▼▼▼

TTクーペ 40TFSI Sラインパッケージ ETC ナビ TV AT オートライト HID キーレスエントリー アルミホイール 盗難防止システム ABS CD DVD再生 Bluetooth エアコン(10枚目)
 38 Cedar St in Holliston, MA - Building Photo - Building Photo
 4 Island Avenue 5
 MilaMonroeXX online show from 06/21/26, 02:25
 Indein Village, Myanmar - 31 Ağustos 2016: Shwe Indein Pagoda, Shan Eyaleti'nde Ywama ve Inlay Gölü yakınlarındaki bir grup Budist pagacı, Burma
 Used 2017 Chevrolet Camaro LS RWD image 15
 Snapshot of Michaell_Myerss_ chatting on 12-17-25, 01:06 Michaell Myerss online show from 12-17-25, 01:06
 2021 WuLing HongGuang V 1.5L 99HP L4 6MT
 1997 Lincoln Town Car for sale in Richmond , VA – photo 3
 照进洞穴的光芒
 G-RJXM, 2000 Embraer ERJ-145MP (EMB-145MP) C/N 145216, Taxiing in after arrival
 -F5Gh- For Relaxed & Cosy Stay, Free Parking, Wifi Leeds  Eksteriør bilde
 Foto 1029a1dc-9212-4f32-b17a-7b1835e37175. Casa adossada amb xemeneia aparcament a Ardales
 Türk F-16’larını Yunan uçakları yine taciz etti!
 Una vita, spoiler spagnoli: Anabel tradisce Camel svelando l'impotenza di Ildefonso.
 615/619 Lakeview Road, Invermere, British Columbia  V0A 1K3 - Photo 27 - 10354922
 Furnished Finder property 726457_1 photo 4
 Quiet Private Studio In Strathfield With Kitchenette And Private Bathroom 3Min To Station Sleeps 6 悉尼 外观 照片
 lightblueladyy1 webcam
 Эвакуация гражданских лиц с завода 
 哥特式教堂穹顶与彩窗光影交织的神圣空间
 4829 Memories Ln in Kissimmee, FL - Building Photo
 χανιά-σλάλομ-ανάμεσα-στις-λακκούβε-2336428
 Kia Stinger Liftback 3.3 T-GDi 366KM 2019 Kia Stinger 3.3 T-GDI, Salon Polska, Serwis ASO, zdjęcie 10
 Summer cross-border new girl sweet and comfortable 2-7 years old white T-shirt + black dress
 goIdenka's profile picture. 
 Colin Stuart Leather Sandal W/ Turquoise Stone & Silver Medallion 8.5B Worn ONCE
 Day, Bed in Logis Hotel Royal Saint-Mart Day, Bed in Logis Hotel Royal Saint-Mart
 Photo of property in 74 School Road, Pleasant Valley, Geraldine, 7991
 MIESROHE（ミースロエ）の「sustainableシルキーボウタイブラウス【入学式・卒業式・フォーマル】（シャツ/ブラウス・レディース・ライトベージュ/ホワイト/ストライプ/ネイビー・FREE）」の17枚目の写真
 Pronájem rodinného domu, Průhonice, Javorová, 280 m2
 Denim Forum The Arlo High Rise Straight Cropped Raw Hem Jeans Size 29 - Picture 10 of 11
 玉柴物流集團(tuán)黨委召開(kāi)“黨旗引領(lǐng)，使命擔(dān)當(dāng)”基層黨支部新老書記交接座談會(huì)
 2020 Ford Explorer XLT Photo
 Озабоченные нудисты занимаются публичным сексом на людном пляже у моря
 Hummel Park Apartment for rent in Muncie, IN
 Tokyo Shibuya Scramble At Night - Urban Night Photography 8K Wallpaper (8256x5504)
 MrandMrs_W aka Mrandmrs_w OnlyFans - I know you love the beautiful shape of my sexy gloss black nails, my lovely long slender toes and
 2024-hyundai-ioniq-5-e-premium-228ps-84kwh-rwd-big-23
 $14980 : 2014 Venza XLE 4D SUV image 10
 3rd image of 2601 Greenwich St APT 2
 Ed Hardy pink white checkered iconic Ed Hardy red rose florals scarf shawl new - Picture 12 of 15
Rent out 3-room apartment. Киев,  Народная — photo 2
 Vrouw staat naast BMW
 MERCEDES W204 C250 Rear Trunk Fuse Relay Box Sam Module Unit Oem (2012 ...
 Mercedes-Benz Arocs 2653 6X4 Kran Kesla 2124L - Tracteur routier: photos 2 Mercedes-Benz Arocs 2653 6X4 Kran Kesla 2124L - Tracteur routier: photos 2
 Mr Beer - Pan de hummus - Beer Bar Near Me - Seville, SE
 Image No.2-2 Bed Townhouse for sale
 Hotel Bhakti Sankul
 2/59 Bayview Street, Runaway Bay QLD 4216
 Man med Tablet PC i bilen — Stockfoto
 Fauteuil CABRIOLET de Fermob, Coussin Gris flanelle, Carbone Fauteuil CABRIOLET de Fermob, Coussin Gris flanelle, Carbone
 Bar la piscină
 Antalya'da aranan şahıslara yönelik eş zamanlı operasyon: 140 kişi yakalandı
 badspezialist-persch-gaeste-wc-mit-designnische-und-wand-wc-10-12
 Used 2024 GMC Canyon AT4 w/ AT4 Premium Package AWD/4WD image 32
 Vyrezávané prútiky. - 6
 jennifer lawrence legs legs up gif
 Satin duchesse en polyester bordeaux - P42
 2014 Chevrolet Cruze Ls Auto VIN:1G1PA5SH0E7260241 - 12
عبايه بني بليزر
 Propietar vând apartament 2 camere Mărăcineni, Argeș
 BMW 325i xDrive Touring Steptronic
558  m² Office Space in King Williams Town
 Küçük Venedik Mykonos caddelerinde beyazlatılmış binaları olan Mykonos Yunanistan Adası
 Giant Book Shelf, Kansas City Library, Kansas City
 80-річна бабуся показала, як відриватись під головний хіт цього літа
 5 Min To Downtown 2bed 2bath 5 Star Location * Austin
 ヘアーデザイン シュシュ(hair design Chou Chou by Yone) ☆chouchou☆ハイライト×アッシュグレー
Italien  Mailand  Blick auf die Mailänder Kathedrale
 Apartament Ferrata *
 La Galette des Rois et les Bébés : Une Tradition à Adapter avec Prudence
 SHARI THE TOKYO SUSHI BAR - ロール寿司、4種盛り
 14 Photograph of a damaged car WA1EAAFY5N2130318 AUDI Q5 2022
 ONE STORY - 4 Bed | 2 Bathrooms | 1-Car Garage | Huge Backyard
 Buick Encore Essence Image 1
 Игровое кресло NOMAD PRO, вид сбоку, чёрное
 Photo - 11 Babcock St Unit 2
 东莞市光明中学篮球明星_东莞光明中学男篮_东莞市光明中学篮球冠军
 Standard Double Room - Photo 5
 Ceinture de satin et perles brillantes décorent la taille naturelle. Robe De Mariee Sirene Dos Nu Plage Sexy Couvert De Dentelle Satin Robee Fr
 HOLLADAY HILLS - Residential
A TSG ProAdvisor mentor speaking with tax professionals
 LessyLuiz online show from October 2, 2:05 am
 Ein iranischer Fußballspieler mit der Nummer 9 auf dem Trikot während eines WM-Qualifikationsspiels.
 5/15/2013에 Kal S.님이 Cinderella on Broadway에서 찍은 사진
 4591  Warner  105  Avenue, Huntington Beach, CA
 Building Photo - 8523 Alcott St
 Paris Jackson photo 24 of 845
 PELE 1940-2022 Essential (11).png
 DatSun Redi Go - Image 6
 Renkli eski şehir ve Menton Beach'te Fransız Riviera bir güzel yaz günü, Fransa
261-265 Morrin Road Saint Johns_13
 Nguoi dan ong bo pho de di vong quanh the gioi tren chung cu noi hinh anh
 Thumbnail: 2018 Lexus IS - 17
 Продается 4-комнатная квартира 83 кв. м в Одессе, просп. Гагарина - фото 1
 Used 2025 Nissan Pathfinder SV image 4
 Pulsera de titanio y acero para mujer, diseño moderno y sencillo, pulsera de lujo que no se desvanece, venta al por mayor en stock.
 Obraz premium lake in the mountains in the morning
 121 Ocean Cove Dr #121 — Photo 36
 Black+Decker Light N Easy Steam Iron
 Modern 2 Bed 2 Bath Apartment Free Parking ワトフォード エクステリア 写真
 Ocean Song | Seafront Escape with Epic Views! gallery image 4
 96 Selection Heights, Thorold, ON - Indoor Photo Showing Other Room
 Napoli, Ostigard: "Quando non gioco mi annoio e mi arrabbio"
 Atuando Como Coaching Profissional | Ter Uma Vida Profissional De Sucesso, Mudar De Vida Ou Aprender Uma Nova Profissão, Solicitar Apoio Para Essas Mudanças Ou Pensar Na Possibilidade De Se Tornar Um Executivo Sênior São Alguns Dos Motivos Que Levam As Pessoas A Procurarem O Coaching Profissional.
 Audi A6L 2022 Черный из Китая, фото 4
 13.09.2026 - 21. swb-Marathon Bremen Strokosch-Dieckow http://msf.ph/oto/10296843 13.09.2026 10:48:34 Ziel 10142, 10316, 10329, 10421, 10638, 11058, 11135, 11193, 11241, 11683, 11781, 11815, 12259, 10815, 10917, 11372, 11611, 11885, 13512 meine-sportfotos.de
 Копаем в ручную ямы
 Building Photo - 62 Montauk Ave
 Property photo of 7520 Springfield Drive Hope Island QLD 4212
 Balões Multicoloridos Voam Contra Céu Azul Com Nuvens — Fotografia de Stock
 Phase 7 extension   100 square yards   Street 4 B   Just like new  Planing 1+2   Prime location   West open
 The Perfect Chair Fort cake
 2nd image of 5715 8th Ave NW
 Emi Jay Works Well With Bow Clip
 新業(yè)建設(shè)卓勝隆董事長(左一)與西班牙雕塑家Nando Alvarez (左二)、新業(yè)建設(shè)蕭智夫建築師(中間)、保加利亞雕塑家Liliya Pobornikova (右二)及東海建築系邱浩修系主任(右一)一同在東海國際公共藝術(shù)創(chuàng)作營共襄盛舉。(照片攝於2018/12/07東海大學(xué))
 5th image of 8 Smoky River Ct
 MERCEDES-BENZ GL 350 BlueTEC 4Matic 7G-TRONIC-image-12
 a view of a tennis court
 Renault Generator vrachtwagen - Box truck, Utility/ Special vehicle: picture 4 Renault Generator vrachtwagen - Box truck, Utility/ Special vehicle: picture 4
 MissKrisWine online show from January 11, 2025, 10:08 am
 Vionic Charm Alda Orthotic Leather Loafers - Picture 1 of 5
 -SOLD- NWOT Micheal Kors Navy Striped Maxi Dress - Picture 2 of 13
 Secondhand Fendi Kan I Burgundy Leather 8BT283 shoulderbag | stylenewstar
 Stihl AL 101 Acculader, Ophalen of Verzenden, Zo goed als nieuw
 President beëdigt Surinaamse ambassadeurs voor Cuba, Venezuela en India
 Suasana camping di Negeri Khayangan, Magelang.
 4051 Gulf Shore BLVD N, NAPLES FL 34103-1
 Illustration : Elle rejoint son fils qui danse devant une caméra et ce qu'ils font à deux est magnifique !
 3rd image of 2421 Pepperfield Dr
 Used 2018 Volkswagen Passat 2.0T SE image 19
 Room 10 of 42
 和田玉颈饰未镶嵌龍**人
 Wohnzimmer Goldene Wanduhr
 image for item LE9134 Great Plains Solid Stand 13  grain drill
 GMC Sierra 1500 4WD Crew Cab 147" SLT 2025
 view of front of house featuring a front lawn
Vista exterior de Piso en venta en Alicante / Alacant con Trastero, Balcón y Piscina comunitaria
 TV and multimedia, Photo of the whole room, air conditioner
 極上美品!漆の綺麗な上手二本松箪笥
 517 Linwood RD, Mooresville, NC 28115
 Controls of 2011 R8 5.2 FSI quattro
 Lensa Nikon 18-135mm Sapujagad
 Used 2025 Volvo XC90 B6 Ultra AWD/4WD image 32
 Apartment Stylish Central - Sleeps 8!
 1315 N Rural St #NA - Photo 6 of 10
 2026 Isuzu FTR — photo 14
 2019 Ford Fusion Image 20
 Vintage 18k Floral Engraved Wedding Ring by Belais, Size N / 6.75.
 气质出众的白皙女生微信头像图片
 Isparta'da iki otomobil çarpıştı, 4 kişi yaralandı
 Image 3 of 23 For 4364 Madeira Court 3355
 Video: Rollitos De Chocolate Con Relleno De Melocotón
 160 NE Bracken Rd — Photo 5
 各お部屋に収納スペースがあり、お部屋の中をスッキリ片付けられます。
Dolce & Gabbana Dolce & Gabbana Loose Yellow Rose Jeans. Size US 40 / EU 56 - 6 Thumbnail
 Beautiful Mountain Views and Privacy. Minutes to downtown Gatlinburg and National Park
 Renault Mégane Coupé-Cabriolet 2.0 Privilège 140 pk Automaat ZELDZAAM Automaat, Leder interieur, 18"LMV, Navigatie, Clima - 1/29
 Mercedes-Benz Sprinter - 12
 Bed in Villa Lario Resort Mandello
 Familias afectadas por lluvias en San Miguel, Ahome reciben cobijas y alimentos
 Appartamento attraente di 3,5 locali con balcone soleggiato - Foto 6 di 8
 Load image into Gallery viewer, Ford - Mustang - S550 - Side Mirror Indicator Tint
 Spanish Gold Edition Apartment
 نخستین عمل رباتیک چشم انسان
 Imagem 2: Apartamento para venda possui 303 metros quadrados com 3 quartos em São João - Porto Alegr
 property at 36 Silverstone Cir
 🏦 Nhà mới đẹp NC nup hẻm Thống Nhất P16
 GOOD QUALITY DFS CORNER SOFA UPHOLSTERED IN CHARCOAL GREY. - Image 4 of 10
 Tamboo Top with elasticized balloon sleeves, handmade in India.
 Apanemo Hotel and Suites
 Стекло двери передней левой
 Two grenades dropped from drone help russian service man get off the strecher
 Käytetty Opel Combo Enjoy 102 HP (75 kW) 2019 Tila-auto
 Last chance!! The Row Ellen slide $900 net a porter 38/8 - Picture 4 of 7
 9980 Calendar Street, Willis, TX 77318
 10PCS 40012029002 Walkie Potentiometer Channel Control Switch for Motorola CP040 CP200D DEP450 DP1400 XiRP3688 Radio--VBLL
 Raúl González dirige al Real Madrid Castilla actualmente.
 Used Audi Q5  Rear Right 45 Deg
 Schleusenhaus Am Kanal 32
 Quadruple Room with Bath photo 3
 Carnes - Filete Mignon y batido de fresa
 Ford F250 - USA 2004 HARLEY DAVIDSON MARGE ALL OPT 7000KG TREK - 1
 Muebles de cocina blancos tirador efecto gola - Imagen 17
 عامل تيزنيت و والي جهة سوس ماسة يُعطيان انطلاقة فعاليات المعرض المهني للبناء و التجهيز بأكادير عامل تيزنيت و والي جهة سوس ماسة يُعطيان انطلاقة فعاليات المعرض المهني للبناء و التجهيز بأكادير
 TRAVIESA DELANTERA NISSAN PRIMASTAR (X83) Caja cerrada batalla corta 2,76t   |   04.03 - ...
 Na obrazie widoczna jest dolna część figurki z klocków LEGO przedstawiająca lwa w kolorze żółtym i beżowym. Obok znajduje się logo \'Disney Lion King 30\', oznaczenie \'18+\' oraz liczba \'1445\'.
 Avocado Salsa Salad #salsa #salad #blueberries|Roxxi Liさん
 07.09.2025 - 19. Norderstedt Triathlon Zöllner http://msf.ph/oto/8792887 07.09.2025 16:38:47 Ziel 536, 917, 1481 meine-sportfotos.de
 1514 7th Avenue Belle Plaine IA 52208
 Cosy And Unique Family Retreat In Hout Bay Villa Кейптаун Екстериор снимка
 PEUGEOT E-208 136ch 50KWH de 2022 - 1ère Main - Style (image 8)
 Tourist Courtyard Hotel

▲▲▲

Please, from the material above, copy only the lines from the line with "Vintage 18k Floral" up to and including the line with "9980 Calendar Street, Willis, TX 77318", exactly as written.

 Vintage 18k Floral Engraved Wedding Ring by Belais, Size N / 6.75.
 气质出众的白皙女生微信头像图片
 Isparta'da iki otomobil çarpıştı, 4 kişi yaralandı
 Image 3 of 23 For 4364 Madeira Court 3355
 Video: Rollitos De Chocolate Con Relleno De Melocotón
 160 NE Bracken Rd — Photo 5
 各お部屋に収納スペースがあり、お部屋の中をスッキリ片付けられます。
Dolce & Gabbana Dolce & Gabbana Loose Yellow Rose Jeans. Size US 40 / EU 56 - 6 Thumbnail
 Beautiful Mountain Views and Privacy. Minutes to downtown Gatlinburg and National Park
 Renault Mégane Coupé-Cabriolet 2.0 Privilège 140 pk Automaat ZELDZAAM Automaat, Leder interieur, 18"LMV, Navigatie, Clima - 1/29
 Mercedes-Benz Sprinter - 12
 Bed in Villa Lario Resort Mandello
 Familias afectadas por lluvias en San Miguel, Ahome reciben cobijas y alimentos
 Appartamento attraente di 3,5 locali con balcone soleggiato - Foto 6 di 8
 Load image into Gallery viewer, Ford - Mustang - S550 - Side Mirror Indicator Tint
 Spanish Gold Edition Apartment
 نخستین عمل رباتیک چشم انسان
 Imagem 2: Apartamento para venda possui 303 metros quadrados com 3 quartos em São João - Porto Alegr
 property at 36 Silverstone Cir
 🏦 Nhà mới đẹp NC nup hẻm Thống Nhất P16
 GOOD QUALITY DFS CORNER SOFA UPHOLSTERED IN CHARCOAL GREY. - Image 4 of 10
 Tamboo Top with elasticized balloon sleeves, handmade in India.
 Apanemo Hotel and Suites
 Стекло двери передней левой
 Two grenades dropped from drone help russian service man get off the strecher
 Käytetty Opel Combo Enjoy 102 HP (75 kW) 2019 Tila-auto
 Last chance!! The Row Ellen slide $900 net a porter 38/8 - Picture 4 of 7
 9980 Calendar Street, Willis, TX 77318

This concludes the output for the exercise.